La scena del primo giro di questo GP del Bahrain 2020 è una di quelle che non vorremmo vedere mai in F1 e che richiama gli incidenti di epoche ormai lontane. Le prime immagini chiare dell’incidente di Grosjean hanno ricordato infatti la dinamica dei due terrificanti incidenti avvenuti a Watkins Glen nel 1973 e nel 1974 costati la vita a François Cevert e Helmuth Koinigg, con il telaio che perfora il guard-rail. A questa già terribile situazione si è aggiunto anche l’incendio del carburante, inaudito sulle F1 moderne. Romain Grosjean ne è fortunatamente uscito sulle sue gambe (sebbene traballante), con alcune ustioni alle mani. Analizziamo con calma l’accaduto.

Dopo il primo complesso di 3 curve Grosjean si trova davanti a Kvjat, Latifi e Russell, con Raikkonen che è uscito sul lato sinistro della pista. Ha davanti a sé Sainz, Vettel e Magnussen, i primi due affiancati e il suo compagno di squadra subito dietro.

A questo punto decide di spostarsi sul lato destro della pista, tagliando però la strada a Kvjat, che non può fare nulla per evitarlo. La posteriore destra della Haas salta sopra l’anteriore sinistra dell’Alpha Tauri, e perde il controllo. Non si vede bene la velocità sui display, ma sappiamo che Grosjean aveva appena inserito la settima marcia, con Kvjat, più lento, ancora in sesta, per una velocità iniziale tra i 240 e i 260 km/h.

La Haas sbanda verso destra, e si scontra quasi frontalmente contro un guard rail, a qualche metro da una strada di accesso. L’urto avviene a 221 km/h, con un picco di decelerazione istantanea di 53 g e un angolo di 75°, il che provoca il cedimento delle due lame inferiori, sotto cui passa l’intera monoscocca, mentre contemporaneamente ruota in senso orario e trasla lungo la pista.

Fortunatamente l’Halo squarcia la terza lama del guard-rail, proteggendo la testa del pilota ginevrino, che avrebbe potuto subito conseguenze forse letali con le vetture di tre anni fa.

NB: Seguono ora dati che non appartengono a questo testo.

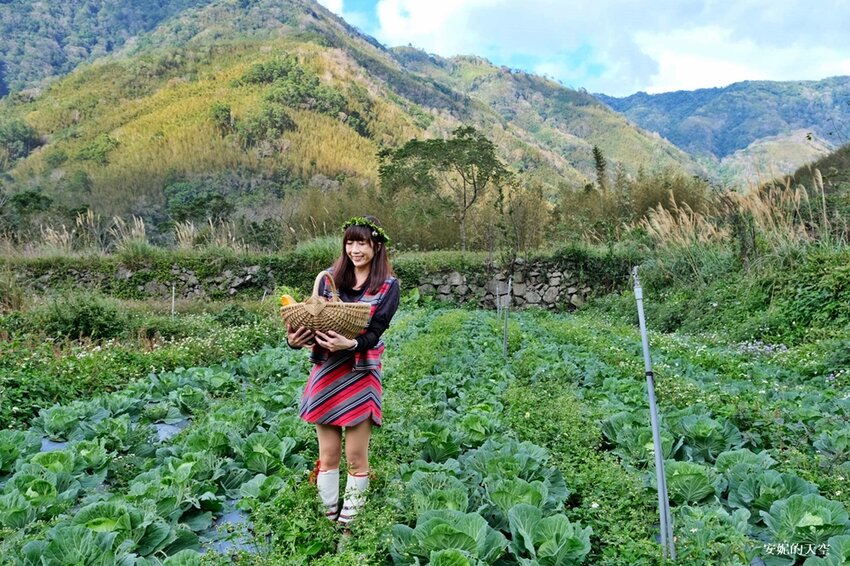新竹尖石鄉秘境 那羅山谷裡的金盞花海 『 山裏花見那羅灣金盞花季』那羅灣休閒農業區 - 安妮的天空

La cellula di sicurezza e il motore si staccano, il retrotreno rimane dall’altra parte della barriera. C’è subito una gran palla di fuoco, causata dall’incendio del carburante.

Dal video della FOM, a 50 frame al secondo, si possono notare diverse cose interessanti. L’impatto avviene 45 frame (0,9 secondi) dopo lo scontro con Kvjat, con la luce posteriore che si accende nel frame dopo indicando una frenata tardiva mentre uno dei cerchi si rompe. La penetrazione del guard rail fino al roll-bar è completa in nemmeno un decimo di secondo.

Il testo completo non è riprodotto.